General History
Traditionally, a fee tail was created by words of grant in a deed: "to A and the heirs of his body". The crucial difference between the words of conveyance and the words that created a fee simple ("to A and his heirs") is that the heirs "in tail" must be the children begotten by the landowner. It was also possible to have "fee tail male", which only sons could inherit, and "fee tail female", which only daughters could inherit; and "fee tail special", which had a further condition of inheritance, usually restricting succession to certain "heirs of the body" and excluding others. Land subject to these conditions was said to be entailed or in tail, with the restrictions themselves known as entailments.

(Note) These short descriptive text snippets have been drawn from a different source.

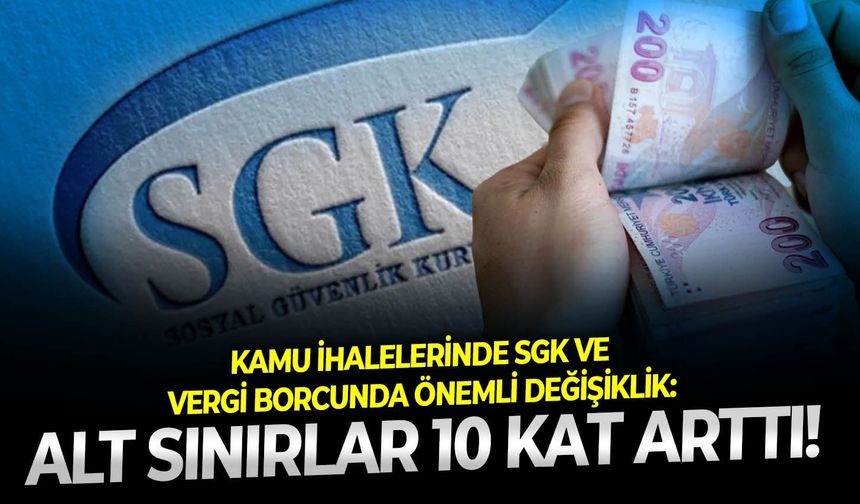Kamu ihalelerinde SGK ve vergi borcunda önemli değişiklik: Alt sınırlar 10 kat arttı!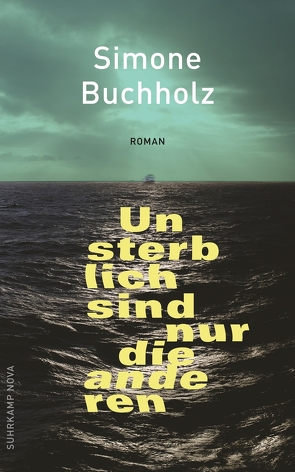 Unsterblich sind nur die anderen von Buchholz,  Simone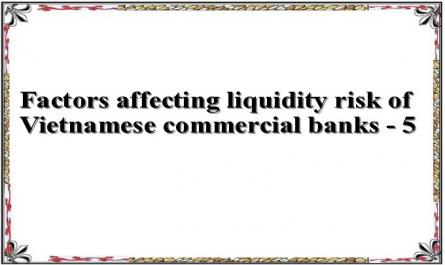 Factors affecting liquidity risk of Vietnamese commercial banks - 5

Fee tail was formerly used during feudal times by landed nobility in order to create family settlements and to make certain that the land stayed "in the family". From the foregoing, attempting to mortgage land in fee tail would be risky and uncertain, since at the death of the owner the land passed by operation of law to children who had no obligation to the mortgage lender and whose interest was prior in right over the mortgage. Similarly, the largest estate an owner in fee tail could convey to someone else was a life estate, since the grantee's interest again terminated automatically when the grantor (the original owner) died. If all went as planned, it was impossible for the family to lose the land, which was the idea.

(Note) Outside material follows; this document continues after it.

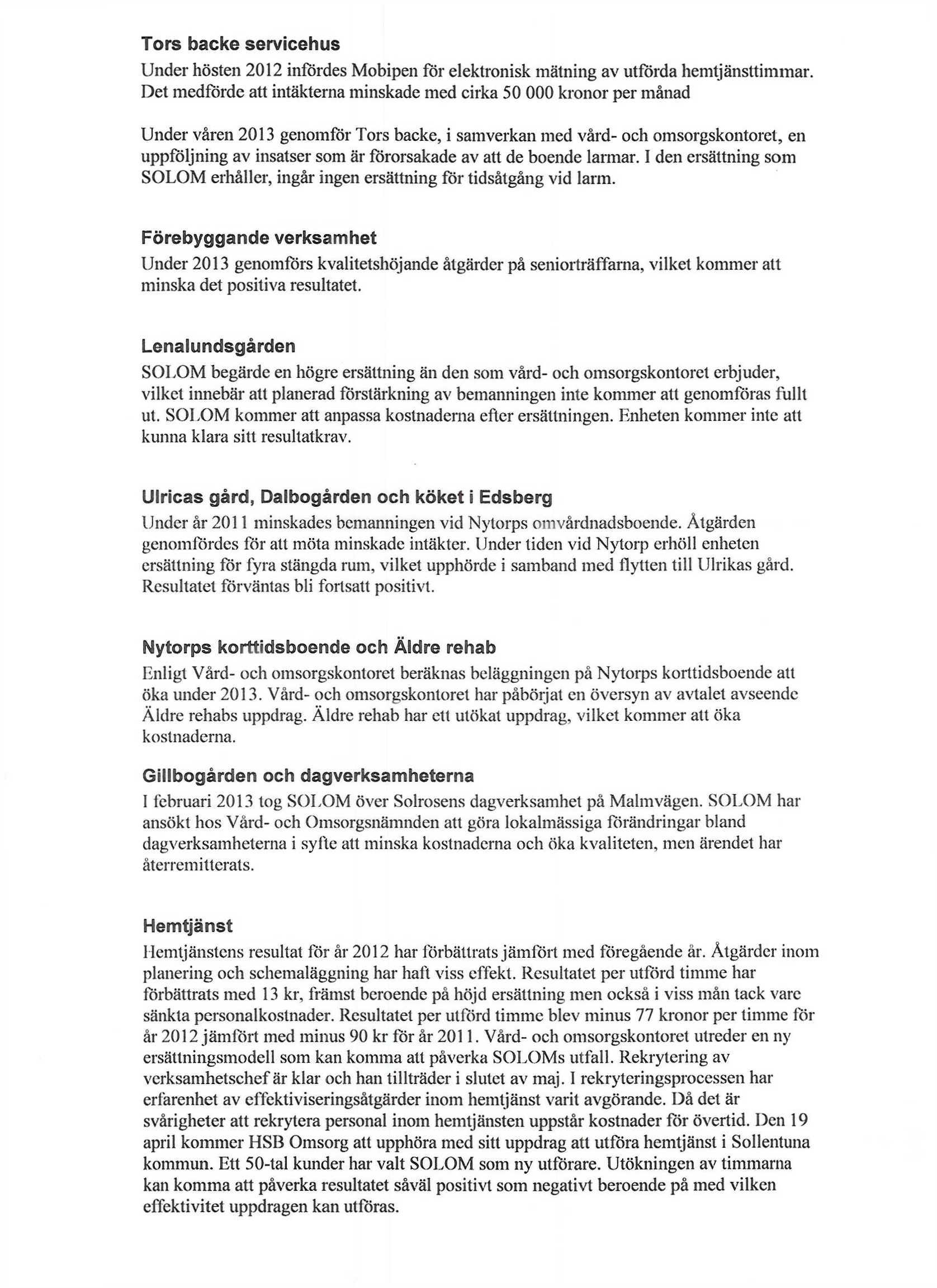 Tors backe servicehus Under hösten 2012 infördes Mobipen för elektronisk mätning av utförda hemtjänsttimmar.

Things did not always go as planned, however. Owners of land in tail occasionally had "failure of issue"—that is, they had no children surviving them at the time of their own deaths. In this situation, theoretically the entailed land went back up and through the family tree to descendants of former owners who were entitled to inherit, or to the last owner in fee simple. This situation produced complicated litigation.
Fee tail was a device tuned to the needs of family settlements in the thirteenth century, but it was never popular with the monarchy, the merchants, or many entailed holders themselves who wished to sell their land. In more mercantile eras, fee tail became rare. As early as the fifteenth century, lawyers devised an elaborate action called "Common Recovery", which used collaborative lawsuits and legal fictions to "bar" an entail, i.e., remove the conditions of fee tail from land and enable its free conveyance in fee simple. In the 17th and 18th centuries the practice arose whereby a landed estate would be settled on a man for life, and thereafter to his eldest son in tail male; when the son came of age, he and his father together could bar the entail, and would then re-settle the land on the father for life, then to the son for life, and then to his eldest son in tail male, at the same time making provision for the father's widow, daughters and younger sons. In this way an estate could stay in a family for many generations. It also had the advantage that if an heir appeared irresponsibly spendthrift to his father, the entail could be retained to protect the estate.